Le roi le fit se redresser.
— Mais auparavant, demain sera la journée des célébrations. Sir Laknol et toi recevrez vos reliques en tant que Lord. Ensuite, tu partiras.
— Soit, Seigneur. Puis-je emmener mon écuyer ?
— Évidemment. Que serait un Chevalier-Mage sans son écuyer ? Comment se nomme-t-il, déjà, ce garçon ?
— Phœbus, Sire.
— Phœbus. Un nom pour le moins rare. « Radieux » en ancien langage, si je ne m'abuse ? (Le Chevalier opina du chef.) Cette fois-ci, Chilpéric, ne ramène pas un autre garçon de ferme de ton escapade, je te prie, le taquina amicalement Wulfoald III.
— Il n'en sera rien, Majesté. Phœbus est le meilleur écuyer que je puisse avoir, et je n'en désire aucun autre jusqu'à son adoubement. Il sera mon digne successeur.
Le roi vit dans les yeux de Chilpéric se refléter un amour incommensurable pour le garçon.
— Tu l'aimes comme un fils, n'est-ce pas ?
— Oui, Mon Seigneur. Cet enfant, je l'ai recueilli alors qu'il se mourrait dans le froid et la faim, seul et orphelin de famille et de patrie. Mais j'ai senti en lui un grand pouvoir qui dépasse l'entendement.

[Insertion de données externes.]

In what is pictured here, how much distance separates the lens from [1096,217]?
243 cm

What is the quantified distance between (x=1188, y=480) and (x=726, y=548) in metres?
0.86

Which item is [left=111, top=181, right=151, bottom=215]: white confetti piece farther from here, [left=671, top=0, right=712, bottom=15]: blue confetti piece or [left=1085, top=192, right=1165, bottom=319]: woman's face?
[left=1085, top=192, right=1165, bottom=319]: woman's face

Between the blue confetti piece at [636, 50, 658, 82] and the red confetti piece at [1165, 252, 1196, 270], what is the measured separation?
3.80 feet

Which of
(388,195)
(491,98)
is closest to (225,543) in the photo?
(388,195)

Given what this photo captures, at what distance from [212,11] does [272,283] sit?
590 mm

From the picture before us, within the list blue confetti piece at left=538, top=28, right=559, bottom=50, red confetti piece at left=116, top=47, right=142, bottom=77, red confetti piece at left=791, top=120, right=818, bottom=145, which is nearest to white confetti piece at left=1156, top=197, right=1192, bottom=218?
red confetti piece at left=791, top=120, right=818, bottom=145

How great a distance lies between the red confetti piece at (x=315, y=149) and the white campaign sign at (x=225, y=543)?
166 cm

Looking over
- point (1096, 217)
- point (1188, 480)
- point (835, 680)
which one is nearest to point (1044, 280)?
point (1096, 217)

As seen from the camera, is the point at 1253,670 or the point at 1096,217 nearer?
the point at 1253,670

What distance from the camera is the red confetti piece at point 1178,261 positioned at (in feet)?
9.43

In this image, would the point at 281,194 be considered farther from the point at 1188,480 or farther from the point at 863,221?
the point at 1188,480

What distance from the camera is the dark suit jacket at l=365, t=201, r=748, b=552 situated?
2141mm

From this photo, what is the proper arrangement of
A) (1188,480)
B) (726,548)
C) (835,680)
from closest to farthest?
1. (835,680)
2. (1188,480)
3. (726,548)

— N'as-tu jamais pensé à fonder une famille ? Tu pourrais adopter ce garçon. Et je sais que de forts sentiments portent ton cœur vers l'une de tes sœurs d'armes. Rien ne m'échappe !
La remarque arracha un sourire à Chilpéric.

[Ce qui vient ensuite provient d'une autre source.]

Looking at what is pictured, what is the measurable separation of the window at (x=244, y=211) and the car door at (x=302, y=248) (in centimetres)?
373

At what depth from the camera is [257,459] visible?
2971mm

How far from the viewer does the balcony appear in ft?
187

— Bon nombre de mes frères et de mes sœurs d'armes pensent qu'il est inutile de fonder une famille tant que toute trace du Mal n'aura pas été effacée de ce monde. Nous savons tous que nous avons encore un long chemin à parcourir. Mais nous considérons que mourir à la guerre et ne pas prendre soin de notre famille, de ne pouvoir aimer et satisfaire notre époux ou notre épouse, de ne pas pouvoir chérir nos enfants, est faire outrage au sentiment si puissant qu'est l'amour, présent des dieux.
— Voilà de biens belles paroles, empreintes d'une philosophie inconnue des gens de ce royaume. Seuls les Chevaliers-Mages pensent ainsi, à n'en pas douter. Et bien que cela m'attriste, je vous comprends. Mais peut-être peux-tu au moins chérir ton écuyer, et pourquoi pas l'identifier comme ton fils légitime aux yeux de cet État ? Cette adoption n'est qu'une formalité que je serai ravi à consentir.
— J'y songerai, Majesté.
Wulfoald sembla satisfait.
— Bien, mon ami. Alors prépare-toi pour ta célébration et ta quête, et profite comme tu le peux de la vie qui t'est offerte.
— Je n'y manquerai pas, Mon Seigneur et Roi.
Chilpéric baisa une fois encore la bague du roi et s'en fut, sans remarquer le tendre sourire de Wulfoald le Serein. Tu réfléchiras bien évidemment à cette question, et tu adopteras Phœbus, j'en suis persuadé, mon brave Chevalier.
Celui-ci rejoignit son écuyer qui combattait toujours Carloman. Il observa sa grâce à l'épée et sentit son flux magique grandissant. Mais sous ce soleil, il vit également le fils qu'il n'aurait jamais. Le roi n'avait peut-être pas tort. Phœbus pourrait devenir son fils.
Mon fils... Cette pensée le fit rire et l'emplit malgré lui de bonheur. Je ne pourrais espérer meilleur fils que toi, Phœbus le Radieux.
Il mit fin au combat et appela Phœbus. Il ramassa sa lame à côté du Grimoire et lui proposa d'échanger des coups, duel que son écuyer accepta avec joie.